------ EXERCISE DATA

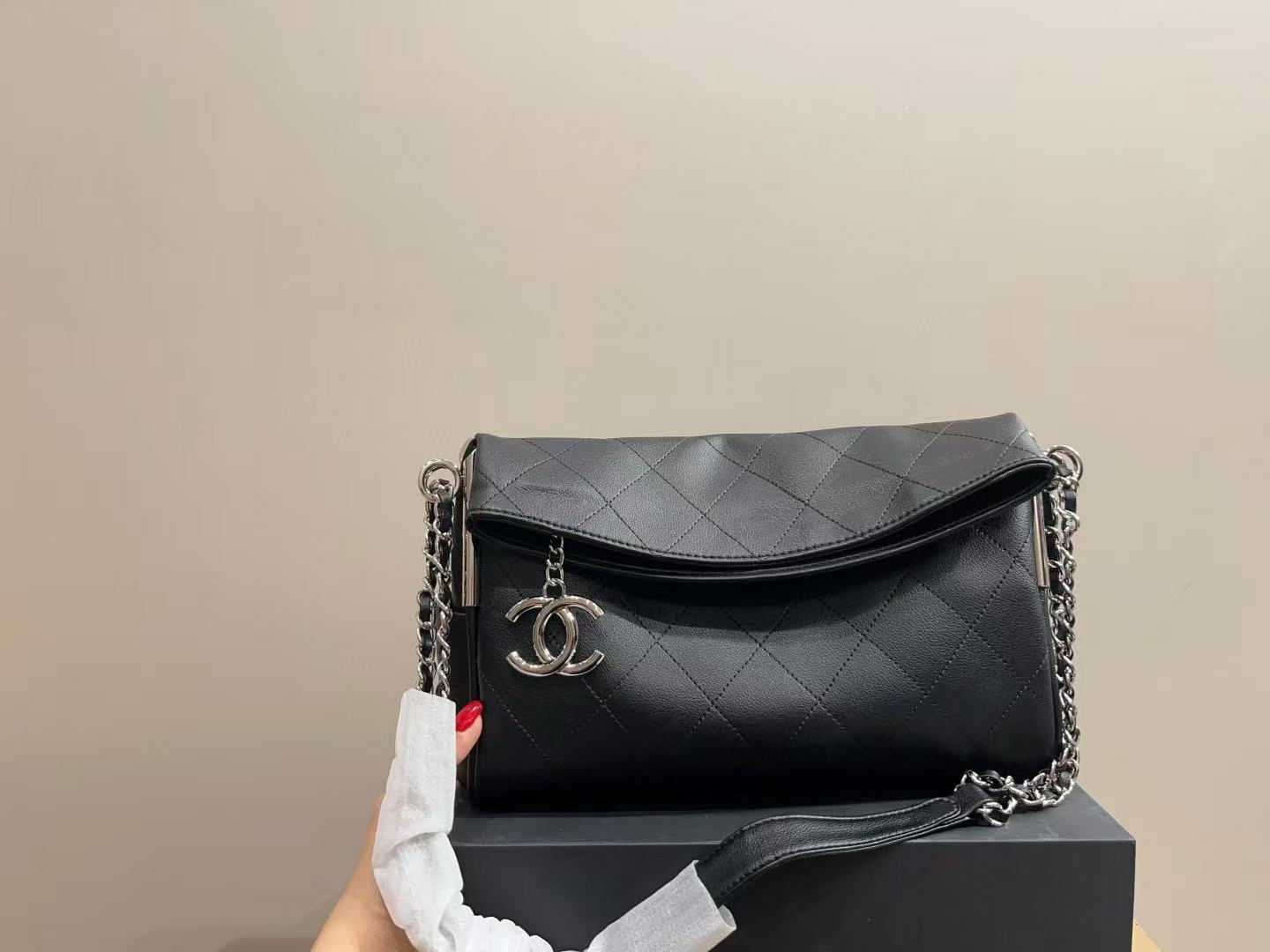 CHANE1 チェーンホーボー折りたたみバッグ【 50％割引+送料無料】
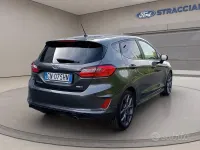 Usata Ford Fiesta ST-Line 125 CV (91 kW) 2023 Grigio metallizzato Utilitaria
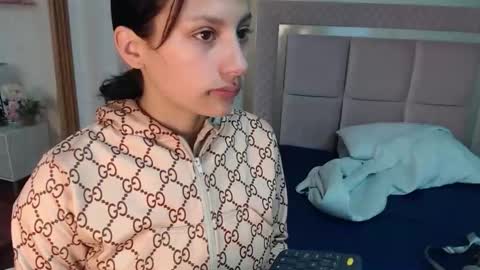 madhison_5 online show from April 11, 12:09 pm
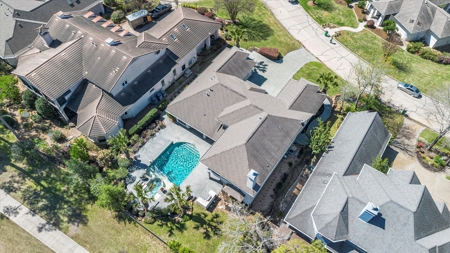 Welcome to your dream home in the prestigious Estates of Bentwater - image 11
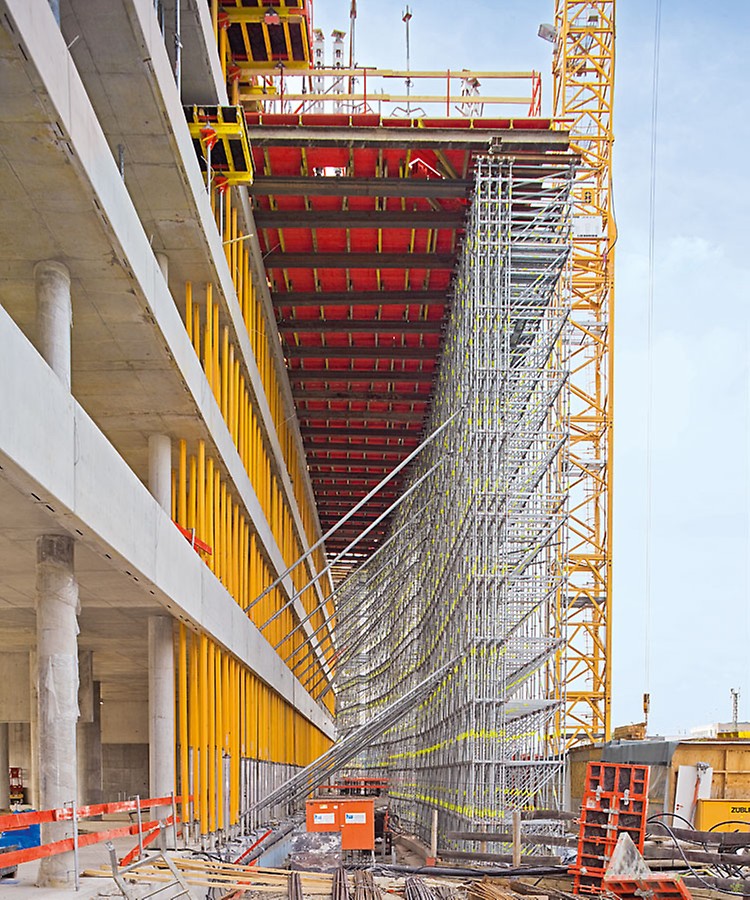 这座93米高的高层建筑在铁路方向由外挑7米的悬臂结构，使用PERI UP脚手架系统在为其搭建了50米的长、18米高的承载结构。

------------

EXERCISE:
Exact duplicates of all the entries are required, and no image may appear in them.

ANSWER TO THE EXERCISE:
 CHANE1 チェーンホーボー折りたたみバッグ【 50％割引+送料無料】
 Usata Ford Fiesta ST-Line 125 CV (91 kW) 2023 Grigio metallizzato Utilitaria
 madhison_5 online show from April 11, 12:09 pm
 Welcome to your dream home in the prestigious Estates of Bentwater - image 11
 这座93米高的高层建筑在铁路方向由外挑7米的悬臂结构，使用PERI UP脚手架系统在为其搭建了50米的长、18米高的承载结构。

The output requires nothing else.